*** DATA SECTION Section Begins ***
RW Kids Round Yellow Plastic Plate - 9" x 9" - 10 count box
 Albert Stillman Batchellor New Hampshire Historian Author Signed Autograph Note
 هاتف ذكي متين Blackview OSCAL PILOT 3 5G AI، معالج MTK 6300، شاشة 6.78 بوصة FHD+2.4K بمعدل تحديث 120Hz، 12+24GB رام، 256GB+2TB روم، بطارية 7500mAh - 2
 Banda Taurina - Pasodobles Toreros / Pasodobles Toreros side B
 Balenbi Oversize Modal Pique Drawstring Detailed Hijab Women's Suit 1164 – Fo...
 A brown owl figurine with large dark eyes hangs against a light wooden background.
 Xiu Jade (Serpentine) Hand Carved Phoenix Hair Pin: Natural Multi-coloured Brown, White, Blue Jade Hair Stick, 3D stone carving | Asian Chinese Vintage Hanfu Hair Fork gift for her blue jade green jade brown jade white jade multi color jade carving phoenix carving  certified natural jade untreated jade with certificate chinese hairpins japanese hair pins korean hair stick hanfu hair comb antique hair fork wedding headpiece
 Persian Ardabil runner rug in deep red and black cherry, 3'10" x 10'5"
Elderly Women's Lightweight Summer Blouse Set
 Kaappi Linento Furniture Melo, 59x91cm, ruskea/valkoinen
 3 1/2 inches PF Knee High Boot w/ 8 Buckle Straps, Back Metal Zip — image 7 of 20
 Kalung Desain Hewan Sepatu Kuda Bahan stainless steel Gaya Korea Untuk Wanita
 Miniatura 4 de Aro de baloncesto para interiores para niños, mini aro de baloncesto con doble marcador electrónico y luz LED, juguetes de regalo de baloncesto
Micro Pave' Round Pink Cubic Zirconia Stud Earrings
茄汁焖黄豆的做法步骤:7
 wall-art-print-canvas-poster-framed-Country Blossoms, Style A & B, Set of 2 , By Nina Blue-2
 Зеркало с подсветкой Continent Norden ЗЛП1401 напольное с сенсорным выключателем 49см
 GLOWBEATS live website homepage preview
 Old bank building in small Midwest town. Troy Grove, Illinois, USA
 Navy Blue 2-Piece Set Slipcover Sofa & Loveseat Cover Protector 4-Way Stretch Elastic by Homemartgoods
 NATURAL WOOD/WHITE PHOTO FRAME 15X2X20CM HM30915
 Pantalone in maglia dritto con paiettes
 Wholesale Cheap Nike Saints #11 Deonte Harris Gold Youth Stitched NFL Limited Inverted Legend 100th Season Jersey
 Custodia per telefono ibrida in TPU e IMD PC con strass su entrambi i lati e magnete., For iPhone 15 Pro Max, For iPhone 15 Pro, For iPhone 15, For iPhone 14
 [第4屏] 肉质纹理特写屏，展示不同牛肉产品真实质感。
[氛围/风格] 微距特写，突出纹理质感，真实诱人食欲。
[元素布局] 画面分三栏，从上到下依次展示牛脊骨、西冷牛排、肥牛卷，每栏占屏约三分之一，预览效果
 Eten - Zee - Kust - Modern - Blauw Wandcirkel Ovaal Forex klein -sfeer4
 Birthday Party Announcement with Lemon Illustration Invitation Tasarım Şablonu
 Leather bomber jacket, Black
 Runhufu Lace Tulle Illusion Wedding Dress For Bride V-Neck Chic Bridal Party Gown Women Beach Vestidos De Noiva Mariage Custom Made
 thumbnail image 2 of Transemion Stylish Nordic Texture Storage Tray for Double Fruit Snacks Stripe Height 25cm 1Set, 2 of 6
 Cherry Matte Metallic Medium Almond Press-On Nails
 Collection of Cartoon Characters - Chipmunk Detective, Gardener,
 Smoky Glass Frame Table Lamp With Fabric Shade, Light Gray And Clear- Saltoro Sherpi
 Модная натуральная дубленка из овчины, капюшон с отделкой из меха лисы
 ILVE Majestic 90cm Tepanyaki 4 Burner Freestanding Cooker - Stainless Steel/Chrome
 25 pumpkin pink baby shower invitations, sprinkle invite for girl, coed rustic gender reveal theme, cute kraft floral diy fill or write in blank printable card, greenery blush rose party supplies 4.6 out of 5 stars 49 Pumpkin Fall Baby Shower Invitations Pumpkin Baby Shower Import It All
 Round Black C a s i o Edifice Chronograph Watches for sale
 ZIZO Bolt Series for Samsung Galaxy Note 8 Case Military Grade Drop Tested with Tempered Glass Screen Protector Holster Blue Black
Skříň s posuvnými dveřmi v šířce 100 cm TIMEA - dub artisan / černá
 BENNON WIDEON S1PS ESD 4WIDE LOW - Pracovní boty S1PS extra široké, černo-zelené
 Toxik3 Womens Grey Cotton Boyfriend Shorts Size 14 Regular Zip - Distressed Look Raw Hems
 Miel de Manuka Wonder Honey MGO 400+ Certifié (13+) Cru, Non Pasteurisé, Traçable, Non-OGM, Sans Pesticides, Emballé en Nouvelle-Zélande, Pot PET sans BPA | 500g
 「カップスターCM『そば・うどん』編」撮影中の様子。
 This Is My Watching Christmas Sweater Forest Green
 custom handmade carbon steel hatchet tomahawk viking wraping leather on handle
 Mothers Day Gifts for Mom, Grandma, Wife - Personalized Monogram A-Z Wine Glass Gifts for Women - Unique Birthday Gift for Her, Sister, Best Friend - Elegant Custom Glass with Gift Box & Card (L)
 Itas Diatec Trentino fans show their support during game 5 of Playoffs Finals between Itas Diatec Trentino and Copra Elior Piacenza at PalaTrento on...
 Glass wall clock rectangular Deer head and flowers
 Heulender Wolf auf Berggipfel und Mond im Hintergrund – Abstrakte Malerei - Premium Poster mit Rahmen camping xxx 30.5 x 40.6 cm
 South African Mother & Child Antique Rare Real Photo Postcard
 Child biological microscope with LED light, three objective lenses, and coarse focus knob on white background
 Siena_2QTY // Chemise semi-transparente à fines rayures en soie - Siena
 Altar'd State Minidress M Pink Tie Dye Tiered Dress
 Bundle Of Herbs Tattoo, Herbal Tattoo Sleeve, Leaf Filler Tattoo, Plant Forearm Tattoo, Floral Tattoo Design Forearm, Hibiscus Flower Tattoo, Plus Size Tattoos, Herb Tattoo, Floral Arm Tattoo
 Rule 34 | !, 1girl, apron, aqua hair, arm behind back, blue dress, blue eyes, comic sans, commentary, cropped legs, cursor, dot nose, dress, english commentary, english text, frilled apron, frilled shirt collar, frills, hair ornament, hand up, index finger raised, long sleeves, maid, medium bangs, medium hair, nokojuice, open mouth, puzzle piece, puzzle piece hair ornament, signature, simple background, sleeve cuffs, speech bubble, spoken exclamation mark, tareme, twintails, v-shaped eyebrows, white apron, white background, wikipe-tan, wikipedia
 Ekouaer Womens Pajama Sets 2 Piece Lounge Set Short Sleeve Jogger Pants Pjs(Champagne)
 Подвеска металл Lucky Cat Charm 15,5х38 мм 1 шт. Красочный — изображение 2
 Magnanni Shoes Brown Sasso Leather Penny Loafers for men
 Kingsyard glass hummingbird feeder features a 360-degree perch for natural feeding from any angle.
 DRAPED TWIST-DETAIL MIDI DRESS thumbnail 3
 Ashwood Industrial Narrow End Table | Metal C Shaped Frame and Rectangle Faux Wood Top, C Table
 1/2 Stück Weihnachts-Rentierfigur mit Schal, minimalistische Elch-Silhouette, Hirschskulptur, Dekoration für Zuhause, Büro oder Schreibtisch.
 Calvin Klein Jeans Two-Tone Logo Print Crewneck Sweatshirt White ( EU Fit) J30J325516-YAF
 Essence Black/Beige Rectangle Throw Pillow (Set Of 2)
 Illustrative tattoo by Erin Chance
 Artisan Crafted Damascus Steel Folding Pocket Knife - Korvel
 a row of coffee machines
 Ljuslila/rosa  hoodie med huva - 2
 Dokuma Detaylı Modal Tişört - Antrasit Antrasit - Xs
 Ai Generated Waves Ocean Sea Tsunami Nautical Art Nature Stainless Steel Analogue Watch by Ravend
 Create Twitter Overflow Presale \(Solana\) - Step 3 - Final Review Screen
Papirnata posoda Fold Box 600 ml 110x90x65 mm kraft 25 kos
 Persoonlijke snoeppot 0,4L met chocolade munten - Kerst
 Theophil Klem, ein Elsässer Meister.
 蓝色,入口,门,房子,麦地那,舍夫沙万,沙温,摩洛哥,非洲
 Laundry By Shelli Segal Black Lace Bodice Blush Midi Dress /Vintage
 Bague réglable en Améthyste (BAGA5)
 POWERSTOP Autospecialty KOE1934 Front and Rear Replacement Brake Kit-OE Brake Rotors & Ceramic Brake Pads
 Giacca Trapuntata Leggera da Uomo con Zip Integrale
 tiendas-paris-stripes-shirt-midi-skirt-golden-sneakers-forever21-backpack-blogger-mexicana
*** DATA SECTION Section Ends ***
WORK INSTRUCTION:
Only lines containing the word "Birthday" should appear in the answer, and every such line from the records above must be there.

EXERCISE OUTPUT:
 Birthday Party Announcement with Lemon Illustration Invitation Tasarım Şablonu
 Mothers Day Gifts for Mom, Grandma, Wife - Personalized Monogram A-Z Wine Glass Gifts for Women - Unique Birthday Gift for Her, Sister, Best Friend - Elegant Custom Glass with Gift Box & Card (L)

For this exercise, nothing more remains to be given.